Milton is noted for its pretty women and virtuous girls. But we must admit with shame, there is a growing disposition on the part of some to parade themselves in a manner that sets modesty at mock. They dress well and are attractive, and their parents are, in part, to blame for their behavior. They will parade the streets during the day, always stopping at a house, and with those of their own affinity, and at night are also around. There is one particularly beautiful girl who would be the equal of Anna Bolyn[i], were she under proper control. “O, is this so?” you ask. “Yes, and pity ‘tis so.”[ii]
Edna, the six year old daughter of “Clate” Hastings, on Sunday morning accidentally ran a stick in one of her nostrils, inflicting a painful wound. Dr. B. T. Wilson rendered medical aid.
Extra meetings began at Zion M. E. Church on Sunday evenings. The Rev. R. T. Coursey in charge.
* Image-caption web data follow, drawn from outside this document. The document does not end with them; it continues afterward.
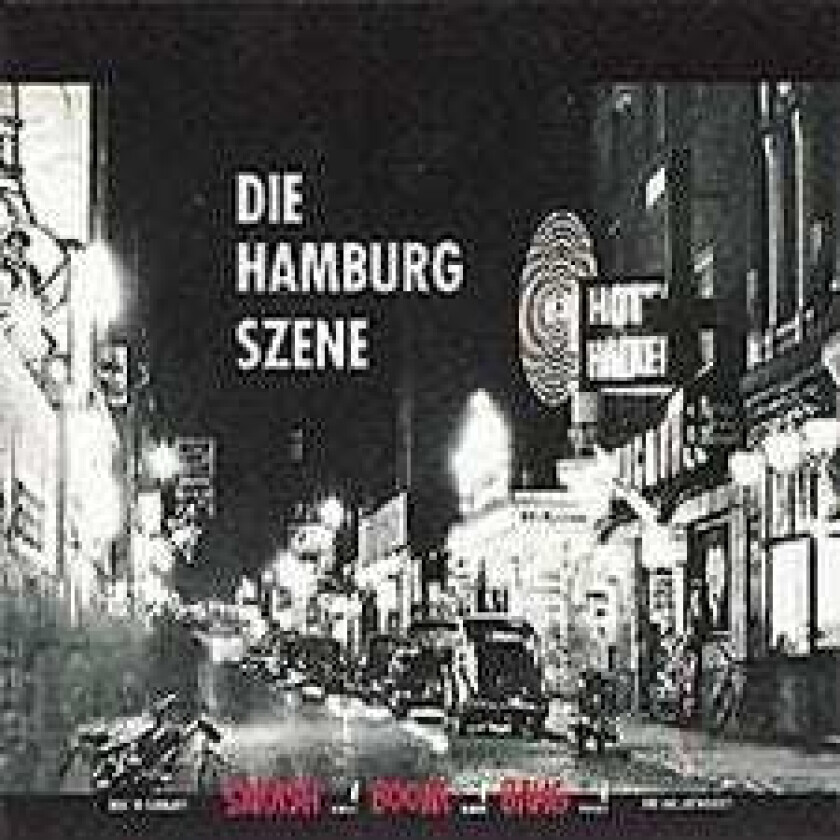 Diverse Rock Die Hamburg Szene Smash! Boom! Bang! CD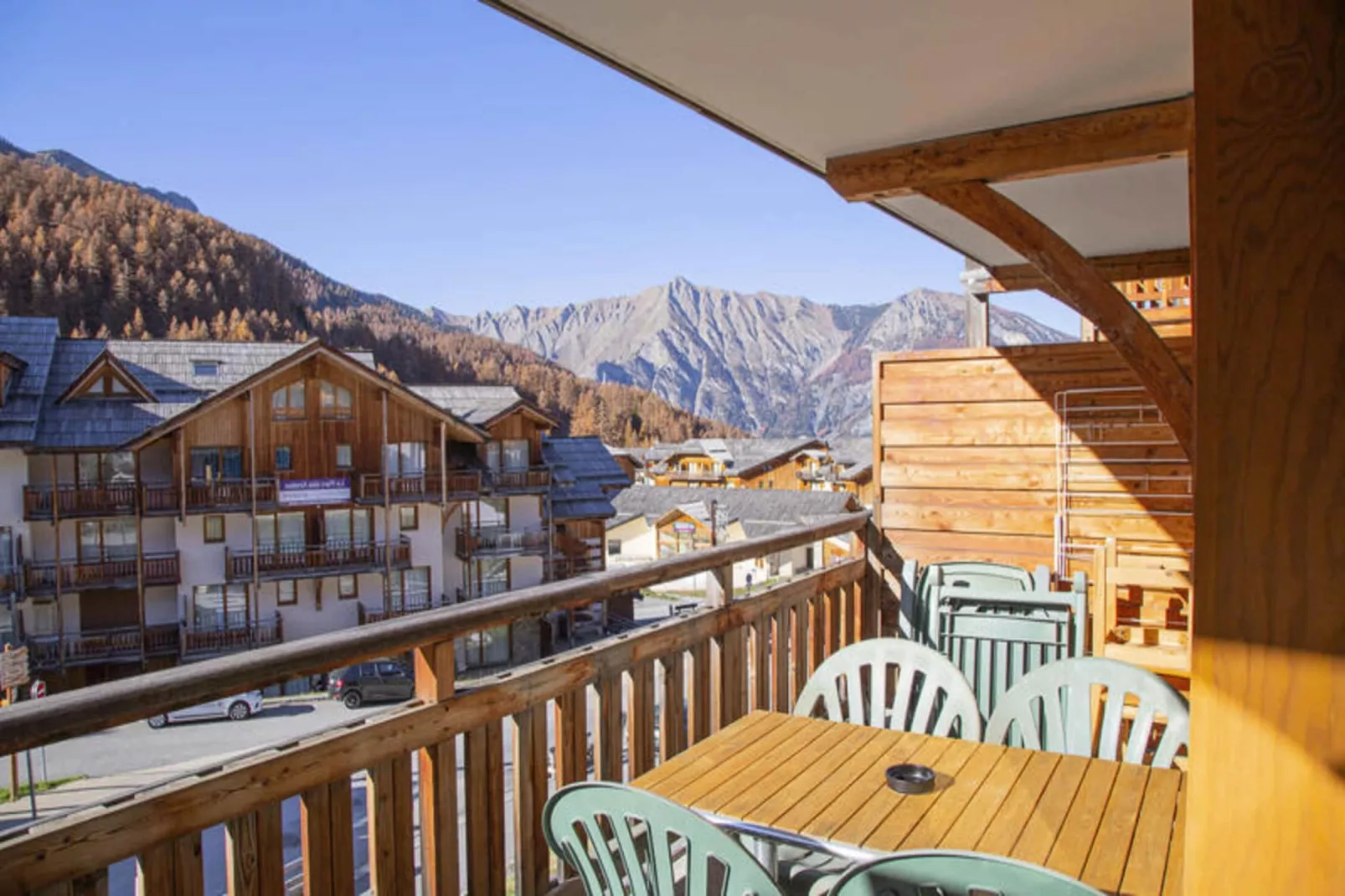 Résidence Le Balcon Des Airelles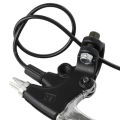 Components Brake Levers Cycling Grip 1 pair Aluminum Alloy Cut Off Switch Electric Bicycle Replacement Scooter. 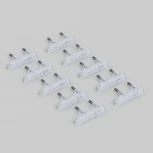 Лампа подсветки для выключателя 10 шт. (голубой) Werkel W8020102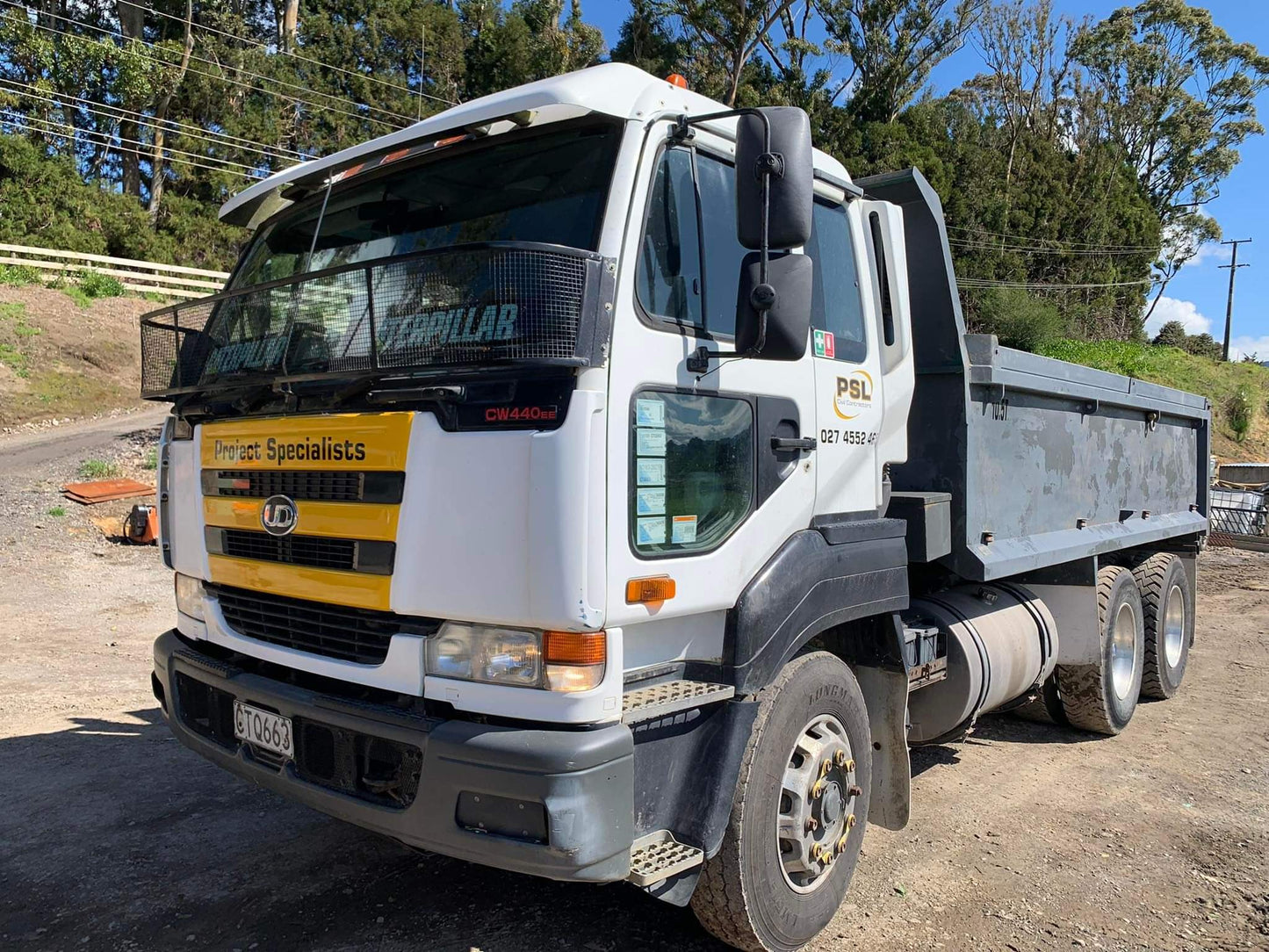 Custom Vehicle Signage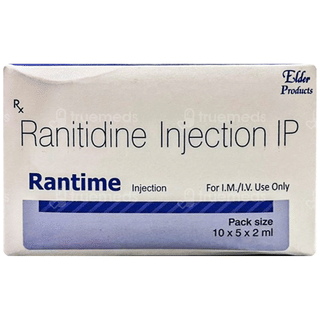 Rantime 25 Mg Injection 2 Ml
Mrs. Virgie Mason is convalescing from a recent attack of severe illness.
On Saturday evening the Rev. R. T. Coursey addressed a large crowd of people on the subject of “bribery,” and “prohibition.” The speaker stood on the porch of C. S. Conner’s dwelling, opposite the post office, and lammed both Democrats and Republicans from away back, or in other words, from the “burning bush.” Mr. Coursey can hold an audience, and while his address may not have met with the approval of many in the audience, he was listened to with marked attention.
Miss Lillian Cade returned on Saturday after attending the National W. C. T. U. Convention in Boston last week.
W. W. Crouch, editor and proprietor of the Milton Times, has purchased from the Milford Chronicle office a press. This has become necessary on account of increased business.
On the day before election, William Warren dumped part of a load of fodder in front of the “big store.” This was not done to advance the sales in “cut prices.” Mr. Warren only wanted to relieve the monotony then on the street, and he did it.
Miss Laura Conner cut the forefinger of her left hand quite severely on Saturday while trying to dissect a ham bone.
W. W. Conwell, cashier of the National Bank, has moved from his former residence—the property of Capt. John Fisher, on Federal Street, into that recently purchased from Capt. Chas. Megee, of Philadelphia, Pa. on the same street.
The simmering of the political pot is producing its legitimate fruit. On Monday, an altercation took place between a whilom[iii] Democrat, and one whom is as true to his party as the magnet is to the pole. Both of these men are members of the official Board of the M. E. Church. This strife should not be engendered in this little town. But who is to blame for it?
Conwell & Co. shipped via steamer Marie Thomas on Monday, a large quantity of sweet potatoes, bought around and near Harbeson.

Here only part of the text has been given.